If you use due diligence to make sure that the eintire inside of the cabinet is covered and protected from the humidity that it will see then you *should* stand a failry good chance of the cabinet holding up.


It could be done but make sure you do all of you homework first.

Oh and I would skip the water features on this one..


----------



## Open_cages (Jan 26, 2013)

I could paint it with epoxy and it would be completely watertight, right?


----------



## DaveJ (Jan 10, 2013)

That looks to me like an old kitchen press ?

If so it will most likely have many pre drilled holes in it for shelf supports. You would need to fill all of these before even thinking about waterproofing. Even think about where the front door hinges are mounted to the press as these holes will be inside and a point for moisture to gain access.

I used a similar press many years ago for a Gecko and it worked pretty well. But it wasn't planted and wouldn't have had a very high humidity need.

Silicone everywhere !! Especially seams, and then when dry silicone a little more. Make sure that you put in a high enough front wall/lip inside the doors and make sure there is a snug fit between the doors and this wall when closed as if not it can be an escape route for bugs and soil if planted especially if you house anything in there.
You'll have to drill holes for cables too, so do this before you start to seal in the cables etc..


----------



## kev_n_gina (Jan 21, 2013)

epoxy piant is pretty expensive (and ugly IMHO) but that would indeed seal it. I think you will need to follow the direction REALLY close tomake sure you surface preperation is right before trying to paint the slick paint already on.

DaveJ brings up a good point that the doors and geting a good tight seal may be an issue with the fruit flies. You may have to do some sort of "weather strip around the egdes and then a simple door over lap for the middle seam.


----------



## patm (Mar 21, 2004)

I can't help but think by the time you finish up all the mods to POSSIBLY make this thing water tight and frogproof, you may end up spending more money than just buying a custom glass viv.

-Pat


----------



## Open_cages (Jan 26, 2013)

I wonder if it would be possible to attach pond liner to all wooden surfaces and then make the background over it? This would be much easier, and would look better (as well as being a bit cheaper).
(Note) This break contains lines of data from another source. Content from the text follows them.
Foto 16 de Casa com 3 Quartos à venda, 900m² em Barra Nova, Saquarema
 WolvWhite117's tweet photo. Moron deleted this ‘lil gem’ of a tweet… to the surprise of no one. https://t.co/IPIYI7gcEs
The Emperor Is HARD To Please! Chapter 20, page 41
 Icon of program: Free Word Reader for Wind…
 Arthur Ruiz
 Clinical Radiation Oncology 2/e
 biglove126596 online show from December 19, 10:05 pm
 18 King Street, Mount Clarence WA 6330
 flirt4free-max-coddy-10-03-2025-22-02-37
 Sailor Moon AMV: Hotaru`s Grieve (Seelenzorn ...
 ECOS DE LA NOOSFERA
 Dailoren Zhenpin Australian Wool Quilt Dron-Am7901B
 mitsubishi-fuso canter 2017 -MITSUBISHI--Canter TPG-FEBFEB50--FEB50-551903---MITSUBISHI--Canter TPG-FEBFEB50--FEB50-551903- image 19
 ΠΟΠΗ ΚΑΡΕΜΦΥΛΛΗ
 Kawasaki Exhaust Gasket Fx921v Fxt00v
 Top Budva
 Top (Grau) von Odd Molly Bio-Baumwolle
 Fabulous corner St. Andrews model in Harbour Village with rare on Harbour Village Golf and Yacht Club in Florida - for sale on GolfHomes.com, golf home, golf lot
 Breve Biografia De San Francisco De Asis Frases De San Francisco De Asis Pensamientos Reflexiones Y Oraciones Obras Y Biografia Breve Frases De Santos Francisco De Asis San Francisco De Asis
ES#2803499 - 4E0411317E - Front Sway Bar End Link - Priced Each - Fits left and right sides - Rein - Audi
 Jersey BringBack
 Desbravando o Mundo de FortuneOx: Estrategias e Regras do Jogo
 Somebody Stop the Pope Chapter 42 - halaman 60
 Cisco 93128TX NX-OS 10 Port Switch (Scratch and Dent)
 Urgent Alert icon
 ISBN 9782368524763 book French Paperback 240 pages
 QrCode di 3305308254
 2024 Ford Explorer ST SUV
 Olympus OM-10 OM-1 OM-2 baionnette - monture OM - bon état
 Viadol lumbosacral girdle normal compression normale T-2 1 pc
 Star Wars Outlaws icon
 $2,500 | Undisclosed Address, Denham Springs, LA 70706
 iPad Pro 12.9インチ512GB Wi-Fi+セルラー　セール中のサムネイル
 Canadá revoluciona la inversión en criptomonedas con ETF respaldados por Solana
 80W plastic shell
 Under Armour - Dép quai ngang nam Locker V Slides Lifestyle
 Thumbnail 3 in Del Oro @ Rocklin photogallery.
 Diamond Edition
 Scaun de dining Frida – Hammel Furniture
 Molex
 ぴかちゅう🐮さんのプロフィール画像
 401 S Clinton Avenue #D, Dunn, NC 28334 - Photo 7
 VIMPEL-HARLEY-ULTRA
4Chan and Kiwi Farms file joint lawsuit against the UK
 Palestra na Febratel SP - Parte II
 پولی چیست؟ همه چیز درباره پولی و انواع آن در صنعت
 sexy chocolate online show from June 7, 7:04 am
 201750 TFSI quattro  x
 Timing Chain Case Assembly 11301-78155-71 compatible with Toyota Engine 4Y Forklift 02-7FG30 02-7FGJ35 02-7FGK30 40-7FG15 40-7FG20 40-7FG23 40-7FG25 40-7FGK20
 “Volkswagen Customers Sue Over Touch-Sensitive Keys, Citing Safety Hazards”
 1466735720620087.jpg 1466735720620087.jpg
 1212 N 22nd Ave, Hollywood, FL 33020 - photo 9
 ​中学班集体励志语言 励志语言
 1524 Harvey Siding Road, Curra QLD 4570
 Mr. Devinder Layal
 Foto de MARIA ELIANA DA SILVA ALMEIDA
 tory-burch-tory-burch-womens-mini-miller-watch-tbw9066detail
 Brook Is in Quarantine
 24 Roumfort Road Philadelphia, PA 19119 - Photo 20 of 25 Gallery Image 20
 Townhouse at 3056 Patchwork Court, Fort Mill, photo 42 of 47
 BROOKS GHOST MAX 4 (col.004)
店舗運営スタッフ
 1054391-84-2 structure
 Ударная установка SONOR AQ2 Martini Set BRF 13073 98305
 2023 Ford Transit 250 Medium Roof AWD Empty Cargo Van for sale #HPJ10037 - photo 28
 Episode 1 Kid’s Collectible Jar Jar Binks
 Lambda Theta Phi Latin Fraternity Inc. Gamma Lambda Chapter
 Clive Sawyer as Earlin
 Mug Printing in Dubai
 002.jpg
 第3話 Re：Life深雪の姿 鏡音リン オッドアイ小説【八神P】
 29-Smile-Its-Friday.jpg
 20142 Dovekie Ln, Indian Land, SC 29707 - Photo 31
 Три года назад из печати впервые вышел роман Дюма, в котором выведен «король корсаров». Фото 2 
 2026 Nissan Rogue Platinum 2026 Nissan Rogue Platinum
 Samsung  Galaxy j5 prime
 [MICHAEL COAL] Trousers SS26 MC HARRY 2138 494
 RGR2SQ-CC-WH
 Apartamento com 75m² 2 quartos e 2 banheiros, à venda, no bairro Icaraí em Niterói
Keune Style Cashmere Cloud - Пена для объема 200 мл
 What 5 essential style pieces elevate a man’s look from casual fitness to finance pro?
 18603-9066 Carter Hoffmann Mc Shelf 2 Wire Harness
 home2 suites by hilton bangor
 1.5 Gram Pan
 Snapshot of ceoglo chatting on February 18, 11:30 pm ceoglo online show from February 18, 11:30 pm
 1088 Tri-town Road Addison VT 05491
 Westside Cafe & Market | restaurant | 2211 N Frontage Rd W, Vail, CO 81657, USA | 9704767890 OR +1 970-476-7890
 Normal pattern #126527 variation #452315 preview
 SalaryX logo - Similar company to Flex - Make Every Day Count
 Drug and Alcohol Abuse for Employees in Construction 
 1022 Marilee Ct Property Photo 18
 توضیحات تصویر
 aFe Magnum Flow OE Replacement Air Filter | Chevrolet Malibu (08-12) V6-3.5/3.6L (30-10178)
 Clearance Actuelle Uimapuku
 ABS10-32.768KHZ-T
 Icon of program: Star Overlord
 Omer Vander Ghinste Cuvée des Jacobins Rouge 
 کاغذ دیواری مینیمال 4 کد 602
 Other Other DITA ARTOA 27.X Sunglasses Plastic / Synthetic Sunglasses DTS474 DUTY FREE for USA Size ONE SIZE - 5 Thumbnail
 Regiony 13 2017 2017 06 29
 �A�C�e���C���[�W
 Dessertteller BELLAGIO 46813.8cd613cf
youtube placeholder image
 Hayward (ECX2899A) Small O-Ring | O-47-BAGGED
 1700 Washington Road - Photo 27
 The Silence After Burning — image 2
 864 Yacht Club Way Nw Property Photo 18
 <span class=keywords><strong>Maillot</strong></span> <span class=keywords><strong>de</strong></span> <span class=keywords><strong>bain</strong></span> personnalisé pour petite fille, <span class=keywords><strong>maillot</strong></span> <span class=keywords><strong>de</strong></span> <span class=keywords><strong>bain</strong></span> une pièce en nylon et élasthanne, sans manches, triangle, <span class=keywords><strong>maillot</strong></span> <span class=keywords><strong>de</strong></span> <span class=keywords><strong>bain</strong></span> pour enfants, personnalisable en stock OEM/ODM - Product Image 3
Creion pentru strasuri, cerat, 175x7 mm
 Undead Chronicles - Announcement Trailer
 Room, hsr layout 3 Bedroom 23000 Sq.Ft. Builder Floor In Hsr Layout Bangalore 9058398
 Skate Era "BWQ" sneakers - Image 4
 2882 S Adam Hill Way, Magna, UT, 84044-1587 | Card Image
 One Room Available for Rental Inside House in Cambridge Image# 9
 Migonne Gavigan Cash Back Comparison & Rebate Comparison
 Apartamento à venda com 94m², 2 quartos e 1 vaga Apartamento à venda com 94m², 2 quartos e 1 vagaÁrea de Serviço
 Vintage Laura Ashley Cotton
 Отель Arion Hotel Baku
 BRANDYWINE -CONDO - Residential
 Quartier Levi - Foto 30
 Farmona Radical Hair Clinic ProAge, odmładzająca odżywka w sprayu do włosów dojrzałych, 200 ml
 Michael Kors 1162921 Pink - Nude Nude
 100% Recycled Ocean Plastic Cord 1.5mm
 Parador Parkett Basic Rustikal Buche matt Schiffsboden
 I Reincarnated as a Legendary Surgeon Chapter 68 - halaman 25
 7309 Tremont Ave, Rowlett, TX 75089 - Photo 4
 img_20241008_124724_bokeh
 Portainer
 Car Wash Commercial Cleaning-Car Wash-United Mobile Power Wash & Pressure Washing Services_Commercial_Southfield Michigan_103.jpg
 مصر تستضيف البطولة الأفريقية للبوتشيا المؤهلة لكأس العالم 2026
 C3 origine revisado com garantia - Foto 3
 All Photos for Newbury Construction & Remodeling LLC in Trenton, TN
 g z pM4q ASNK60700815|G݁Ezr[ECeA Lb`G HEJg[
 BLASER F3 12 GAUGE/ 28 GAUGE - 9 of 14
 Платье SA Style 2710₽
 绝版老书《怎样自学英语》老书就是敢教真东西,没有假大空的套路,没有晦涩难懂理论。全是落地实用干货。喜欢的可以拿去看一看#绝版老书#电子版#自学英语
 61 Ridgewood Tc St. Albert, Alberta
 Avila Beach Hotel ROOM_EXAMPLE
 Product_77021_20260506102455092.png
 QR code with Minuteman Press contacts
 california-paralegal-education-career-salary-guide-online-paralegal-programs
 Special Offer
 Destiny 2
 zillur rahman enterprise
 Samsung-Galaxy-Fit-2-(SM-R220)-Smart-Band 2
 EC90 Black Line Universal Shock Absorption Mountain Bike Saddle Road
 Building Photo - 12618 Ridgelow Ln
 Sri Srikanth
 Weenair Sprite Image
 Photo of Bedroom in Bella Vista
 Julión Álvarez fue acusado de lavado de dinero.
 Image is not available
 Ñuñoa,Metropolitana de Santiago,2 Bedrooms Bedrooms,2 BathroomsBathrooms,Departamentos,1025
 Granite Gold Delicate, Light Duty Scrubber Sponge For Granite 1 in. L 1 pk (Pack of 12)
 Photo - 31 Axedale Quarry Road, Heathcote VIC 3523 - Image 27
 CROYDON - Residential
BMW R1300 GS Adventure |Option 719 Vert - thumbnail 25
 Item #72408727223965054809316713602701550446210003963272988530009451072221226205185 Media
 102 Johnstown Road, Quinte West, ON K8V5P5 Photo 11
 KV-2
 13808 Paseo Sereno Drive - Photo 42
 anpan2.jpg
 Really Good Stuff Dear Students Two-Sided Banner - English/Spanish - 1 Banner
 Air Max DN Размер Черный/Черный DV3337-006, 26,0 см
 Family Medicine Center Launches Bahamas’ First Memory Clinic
And although a glass viv would probably be cheaper and easier, this would look sick.


----------



## patm (Mar 21, 2004)

Open_cages said:


> I wonder if it would be possible to attach pond liner to all wooden surfaces and then make the background over it? This would be much easier, and would look better (as well as being a bit cheaper).
> 
> And although a glass viv would probably be cheaper and easier, this would look sick.


I would have a couple major concerns. First, if this is indeed particle board/melamine, I'd be concerned about it holding the weight of backgrounds, water logged substrates, etc. Second, you'd have to find a way to attach pond liner without even a pinhole that would allow water through. I'd be afraid that any seam, or anywhere you had to tack it to the board would be a liability for leakage. I wouldn't be confident that siliconing over a seam or tack would hold long term.

-Pat


----------